Another widely used method is to store multiplexing information inside the central scheduler, which is then in charge of sending upstream transmission permits, one at a time, to the authorised terminals. No need arises to reprogram the terminals and the bandwidth allocation can be manually changed quite easily. However, the resulting system is once again of a static nature, so that when a terminal is temporarily in a situation with no pending data to send upstream, its assigned frame slots cannot be redistributed to other terminals and, therefore, are completely wasted.
Ideally, terminals should be polled on a periodical basis and upstream transmission permits should be sent only to those terminals whose queues are not empty. The main issue in this case is that, in order for the scheduler to have a reasonable information about all pending queues, far too much bandwidth must be reserved in the upstream channel, easily leading to a degradation of the service.
Instead, the signalling bandwidth, that is the bandwidth which is allocated to the transfer of ancillary data providing terminal status information to the scheduler, shall be minimised. In this respect, the most common solutions for reporting requests to the base station, where the scheduler is located, are contention, piggybacking and polling.
Contention slots are portions of the uplink frame that are dedicated to the terminal requests without specifying which terminal has the right to use it. It is so possible for more terminals to try and access the same slot at the same time, causing collision, the main drawback of contention based methods, which causes poor reliability and sets no upper limit for latency.
Piggybacking is performed when the requests are not issued in a given portion of the frame but in a given portion of the MAC data unit, so that the updating rate of the information depends on the terminal activity. This method usually reduces the average latency but is still unable to guarantee that an upper limit is not exceeded. For this reason, it is always coupled with at least one more method, so as to give the terminal a chance to send requests again after the previous period of activity has lapsed. As a rule, when the traffic is bursty the efficiency of piggybacking methods actually depends on the efficiency of the other associated method.
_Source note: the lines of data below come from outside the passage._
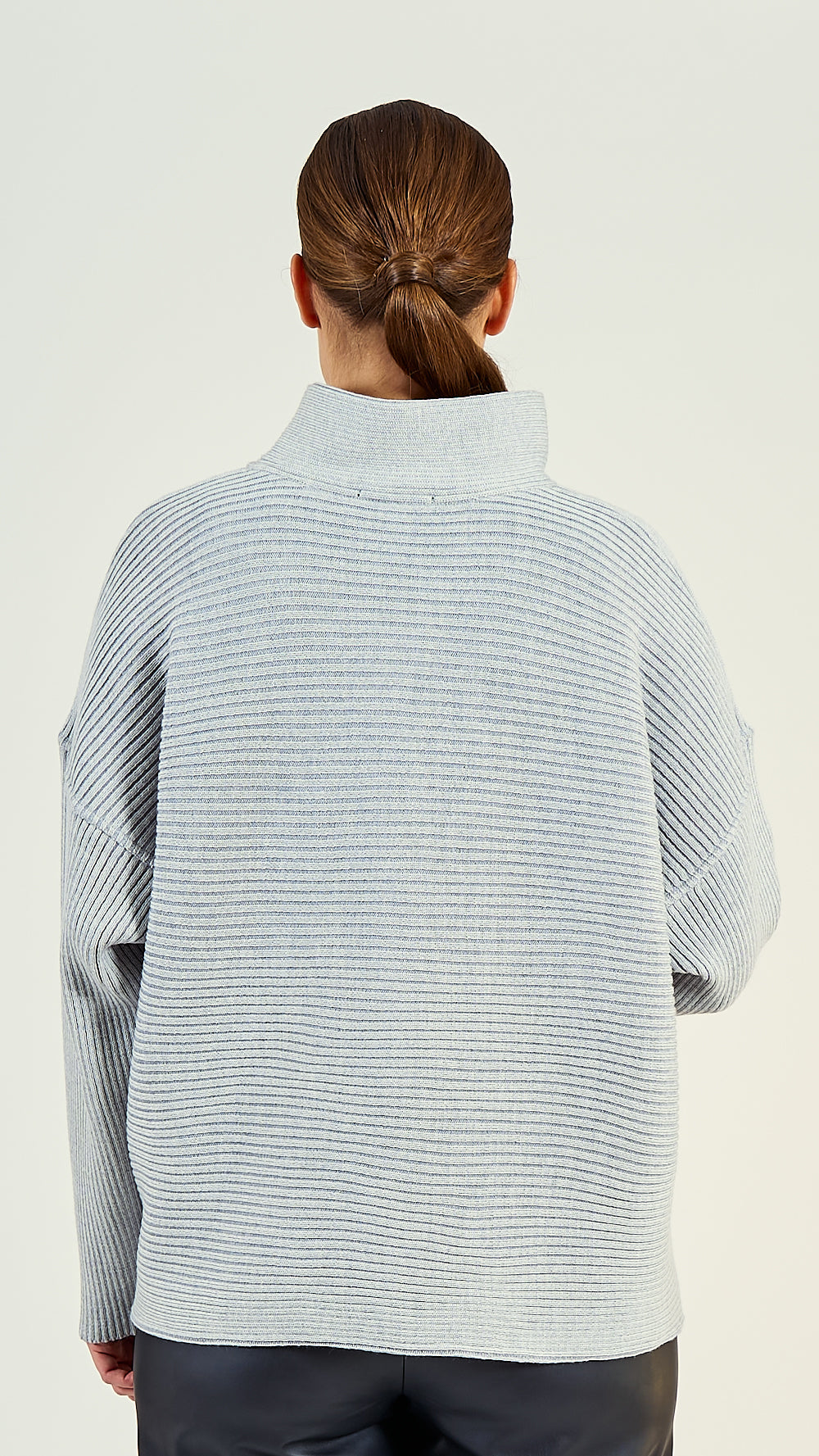 30/02 Wolljacke oversize kurz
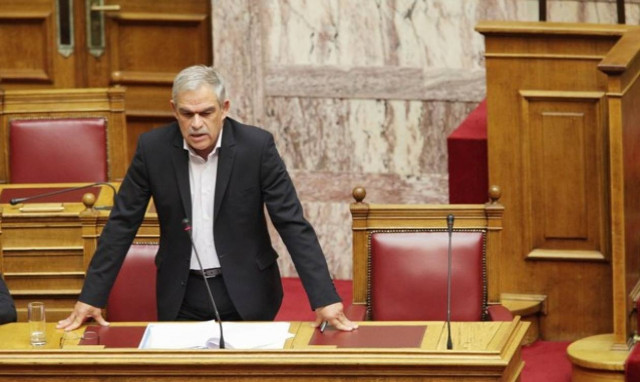 Προγραμματικές δηλώσεις - Τόσκας: Θα μειωθούν οι αστυνομικοί που είναι στη φύλαξη VIP προσώπων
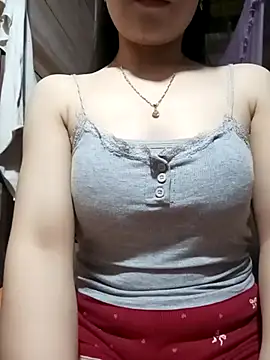 Snapshot of LucyyLy chatting on 03-16-26, 11:31 LucyyLy online show from 03-16-26, 11:31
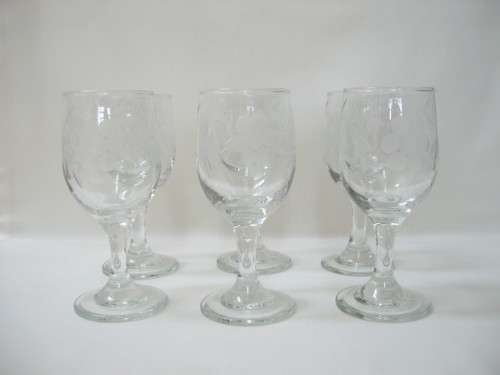 SIX VINTAGE FRENCH GRAPE PATTERN SHERRY GLASSES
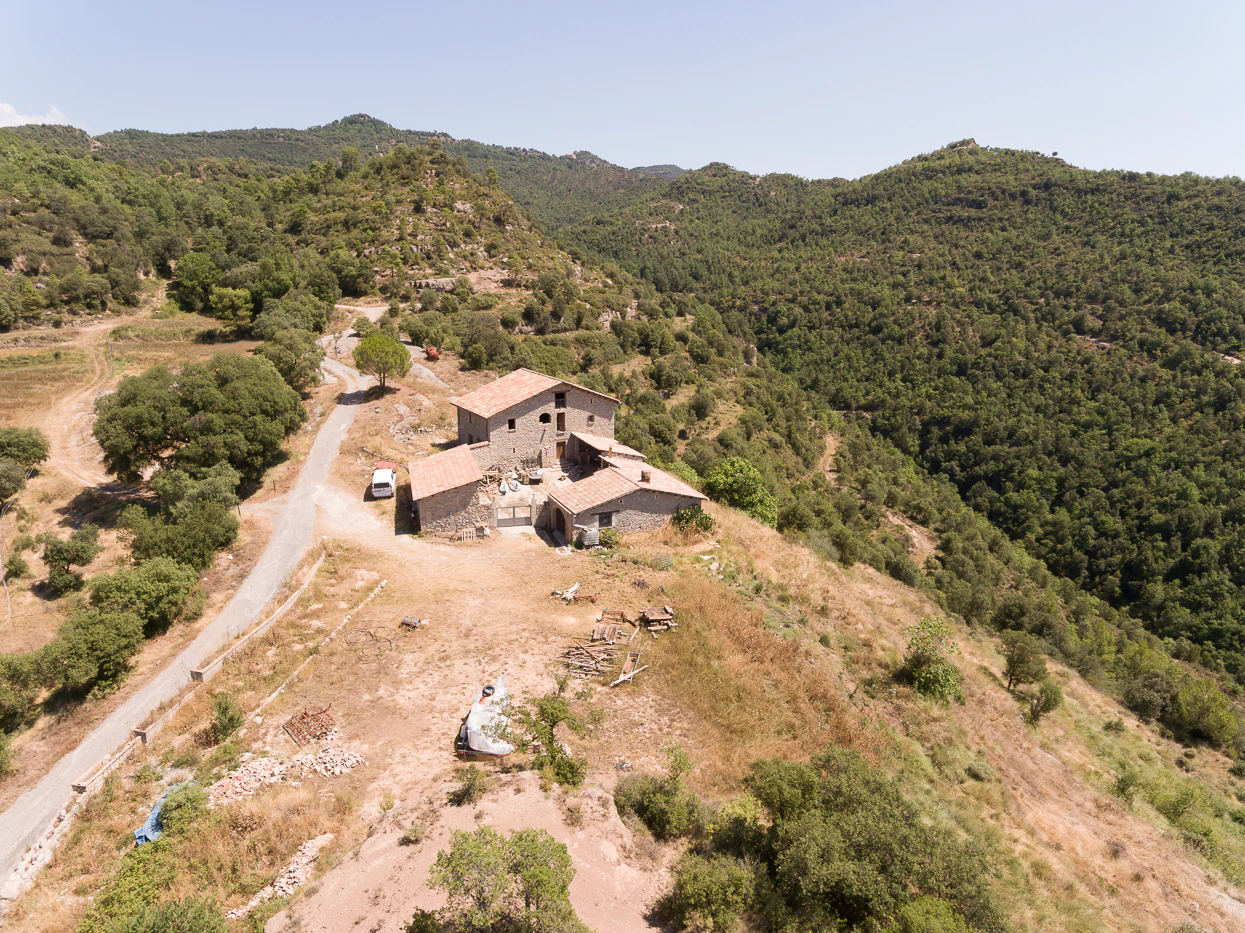 8964 - Belle ferme à Bergueda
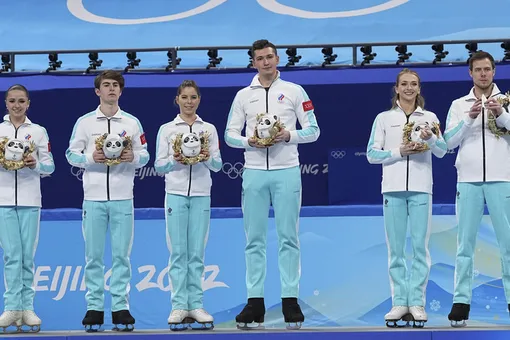 Российские фигуристы выиграли золото в командном первенстве на Олимпиаде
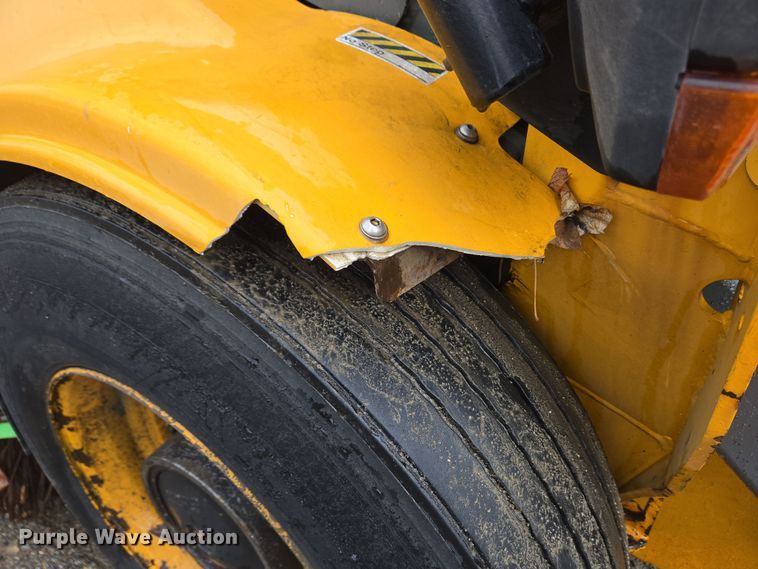 image for item EC4164 2009 Elgin Pelican Series NP street sweeper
Polling means that the base station, i.e. the scheduler running thereon, assigns some bandwidth to the terminals for issuing their requests. This is done either on a periodical basis through dedication of a given portion of an uplink frame, in which each terminal is assigned to a specific slot. The delay variation introduced on the uplink traffic depends on the polling period but is usually quite limited.
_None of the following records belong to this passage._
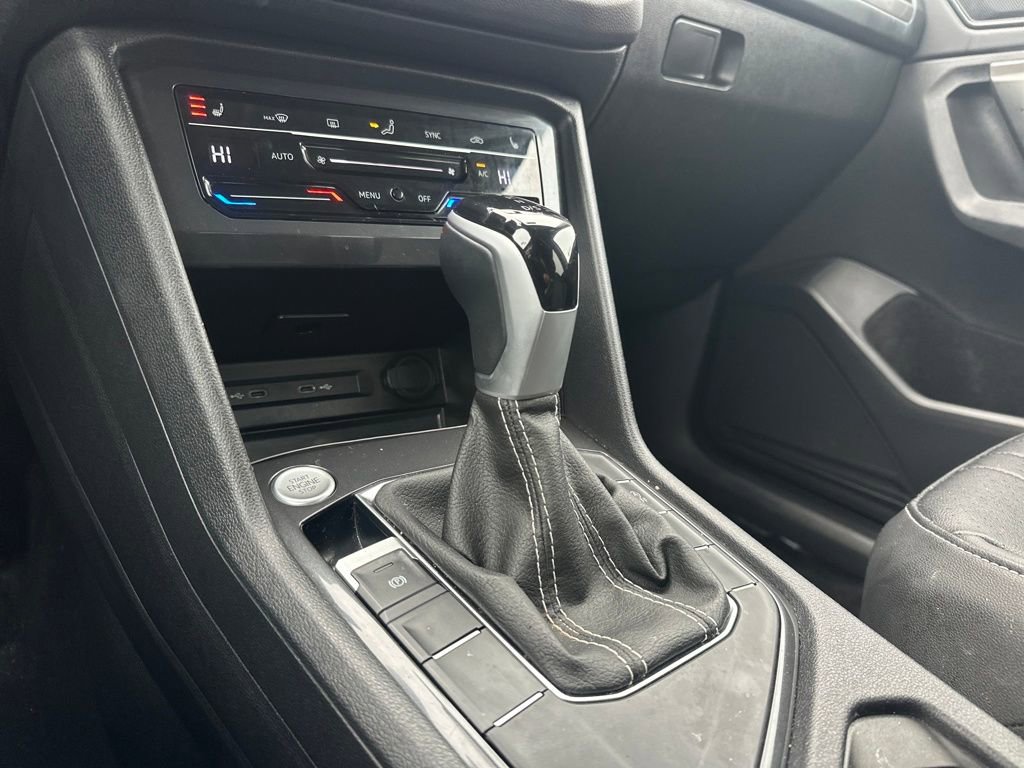 Used 2024 Volkswagen Tiguan SE image 18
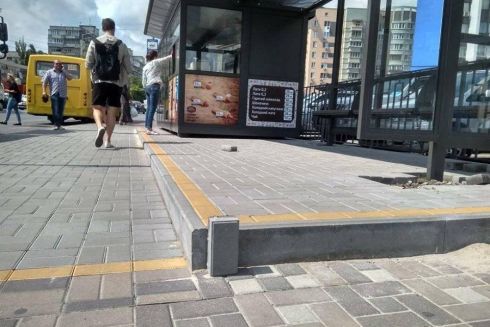 В Киеве начали реконструировать остановки. Они не инклюзивные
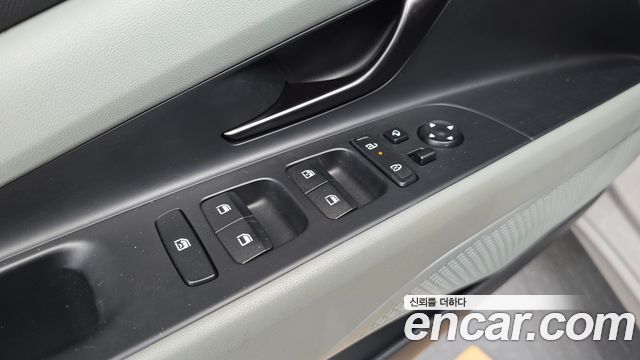 Hyundai AVANTE 2024 — photo 30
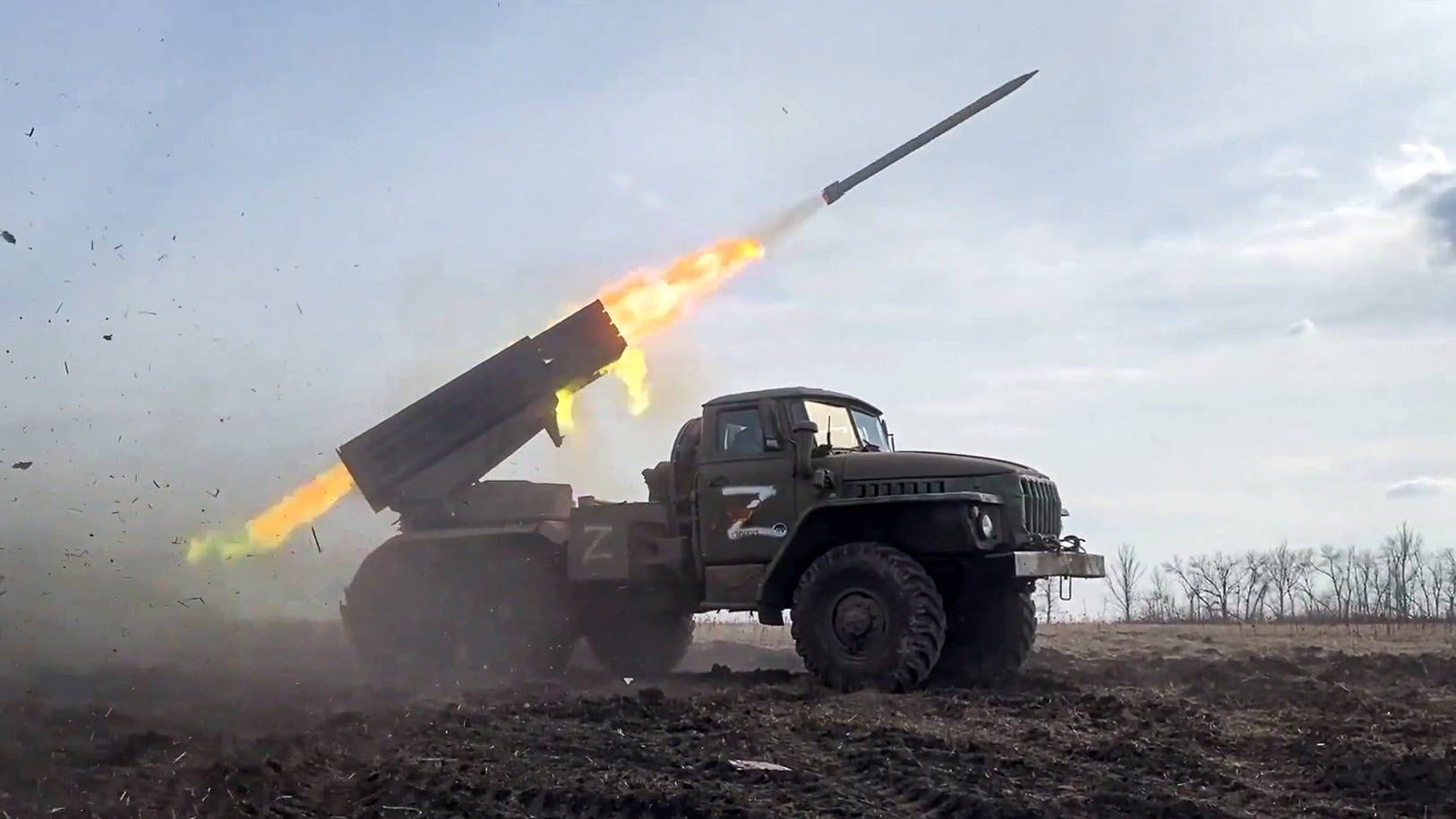 Russischer Raketenwerfer bei Kupjansk (Archivbild): Die russischen Truppen versuchen, die Stadt im Osten der Ukraine zum wiederholten Mal zu erobern.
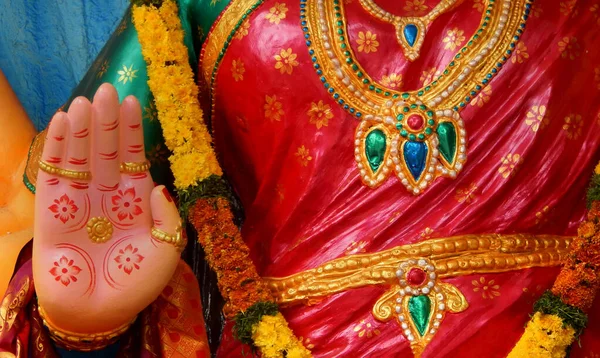 Widok Bliska Indyjskiej Bogini Hinduskiej Ręki Błogosławionej Pozie — Zdjęcie stockowe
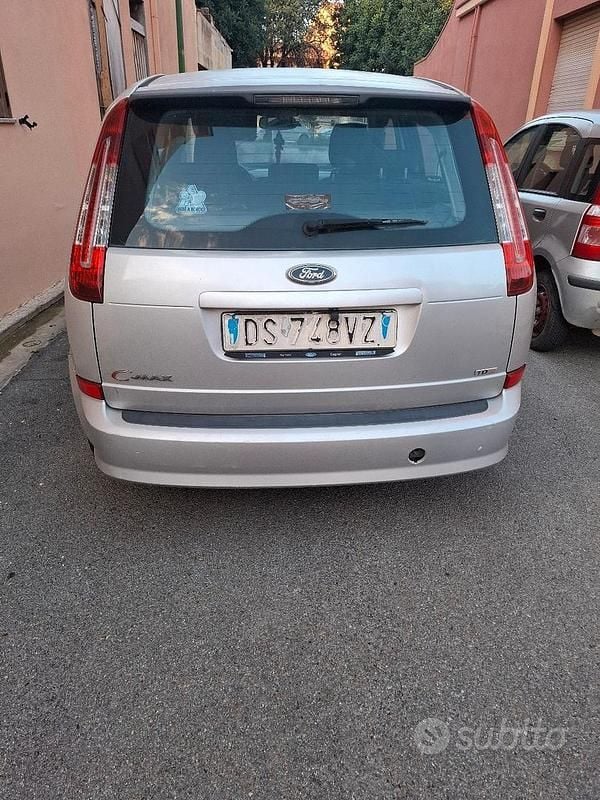 Begagnad Ford C-MAX 90 HK (66 kW) 2008 Grå Minibuss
Although all of the above methods may be equally employed, real time systems, in which it must be ensured that a base station receive requests from the terminals in a smaller period than the given real time delay constraints, are usually implemented through polling mechanisms. The main drawback of polling is given by its static nature. In fact, the delay constraints set a limit for the polling period: the stricter the real time requirements, the more often resources have to be dedicated to request fields. These resources remain statically allocated and are therefore not available for data traffic. As consequence thereof, a static signalling channel must be created and dimensioned to fulfil the delay requirements in the worst traffic conditions, thus heavily affecting the available bandwidth even under low data traffic conditions. Moreover, if either the amount of terminals in the system or the service classes which need to send information to the base station increase over time, the portion of bandwidth that is made unavailable to data traffic grows in parallel, affecting the efficiency and the performance of the system.